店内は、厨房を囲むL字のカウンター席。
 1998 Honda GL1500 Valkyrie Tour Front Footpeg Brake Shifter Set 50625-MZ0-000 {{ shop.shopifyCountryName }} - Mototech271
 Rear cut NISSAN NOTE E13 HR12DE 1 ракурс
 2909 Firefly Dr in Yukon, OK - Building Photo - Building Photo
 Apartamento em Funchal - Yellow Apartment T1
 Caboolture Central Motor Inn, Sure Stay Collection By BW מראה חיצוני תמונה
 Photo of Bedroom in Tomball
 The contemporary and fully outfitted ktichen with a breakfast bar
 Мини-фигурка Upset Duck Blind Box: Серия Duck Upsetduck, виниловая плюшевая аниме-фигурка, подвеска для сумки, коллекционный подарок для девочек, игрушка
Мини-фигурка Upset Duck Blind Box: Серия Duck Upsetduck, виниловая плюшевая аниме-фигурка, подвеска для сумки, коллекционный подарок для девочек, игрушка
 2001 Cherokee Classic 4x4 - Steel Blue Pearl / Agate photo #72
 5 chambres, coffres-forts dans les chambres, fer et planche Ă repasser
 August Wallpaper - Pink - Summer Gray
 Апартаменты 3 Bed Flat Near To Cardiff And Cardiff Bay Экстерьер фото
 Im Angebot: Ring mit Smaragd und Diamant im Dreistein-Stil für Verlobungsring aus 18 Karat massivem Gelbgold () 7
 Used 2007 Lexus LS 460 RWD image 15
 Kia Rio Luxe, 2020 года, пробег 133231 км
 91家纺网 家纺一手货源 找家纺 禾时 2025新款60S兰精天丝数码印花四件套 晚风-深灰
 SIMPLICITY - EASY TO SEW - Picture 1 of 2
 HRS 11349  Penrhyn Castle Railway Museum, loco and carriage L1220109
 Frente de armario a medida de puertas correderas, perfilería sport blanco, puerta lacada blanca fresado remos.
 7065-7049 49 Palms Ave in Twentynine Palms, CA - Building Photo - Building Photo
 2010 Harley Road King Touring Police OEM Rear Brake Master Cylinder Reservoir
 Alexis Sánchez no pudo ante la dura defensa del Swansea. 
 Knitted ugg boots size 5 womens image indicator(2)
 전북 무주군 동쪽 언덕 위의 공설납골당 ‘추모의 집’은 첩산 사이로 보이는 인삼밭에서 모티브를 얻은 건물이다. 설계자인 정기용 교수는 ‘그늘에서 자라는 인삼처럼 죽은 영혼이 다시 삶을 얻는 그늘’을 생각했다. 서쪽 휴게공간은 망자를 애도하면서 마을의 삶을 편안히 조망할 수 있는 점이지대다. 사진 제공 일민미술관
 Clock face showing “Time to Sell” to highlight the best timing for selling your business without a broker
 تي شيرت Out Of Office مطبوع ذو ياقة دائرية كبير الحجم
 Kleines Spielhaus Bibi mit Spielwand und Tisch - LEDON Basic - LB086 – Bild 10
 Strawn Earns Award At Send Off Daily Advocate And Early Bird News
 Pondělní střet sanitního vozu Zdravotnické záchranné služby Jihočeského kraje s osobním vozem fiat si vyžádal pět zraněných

____

◆ REQUIRED ACTION: Output exactly, and only, the lines running from the one that contains "2010 Harley Road" through the last line of the entries above.

◆ SOLUTION FOR THIS TASK:
 2010 Harley Road King Touring Police OEM Rear Brake Master Cylinder Reservoir
 Alexis Sánchez no pudo ante la dura defensa del Swansea. 
 Knitted ugg boots size 5 womens image indicator(2)
 전북 무주군 동쪽 언덕 위의 공설납골당 ‘추모의 집’은 첩산 사이로 보이는 인삼밭에서 모티브를 얻은 건물이다. 설계자인 정기용 교수는 ‘그늘에서 자라는 인삼처럼 죽은 영혼이 다시 삶을 얻는 그늘’을 생각했다. 서쪽 휴게공간은 망자를 애도하면서 마을의 삶을 편안히 조망할 수 있는 점이지대다. 사진 제공 일민미술관
 Clock face showing “Time to Sell” to highlight the best timing for selling your business without a broker
 تي شيرت Out Of Office مطبوع ذو ياقة دائرية كبير الحجم
 Kleines Spielhaus Bibi mit Spielwand und Tisch - LEDON Basic - LB086 – Bild 10
 Strawn Earns Award At Send Off Daily Advocate And Early Bird News
 Pondělní střet sanitního vozu Zdravotnické záchranné služby Jihočeského kraje s osobním vozem fiat si vyžádal pět zraněných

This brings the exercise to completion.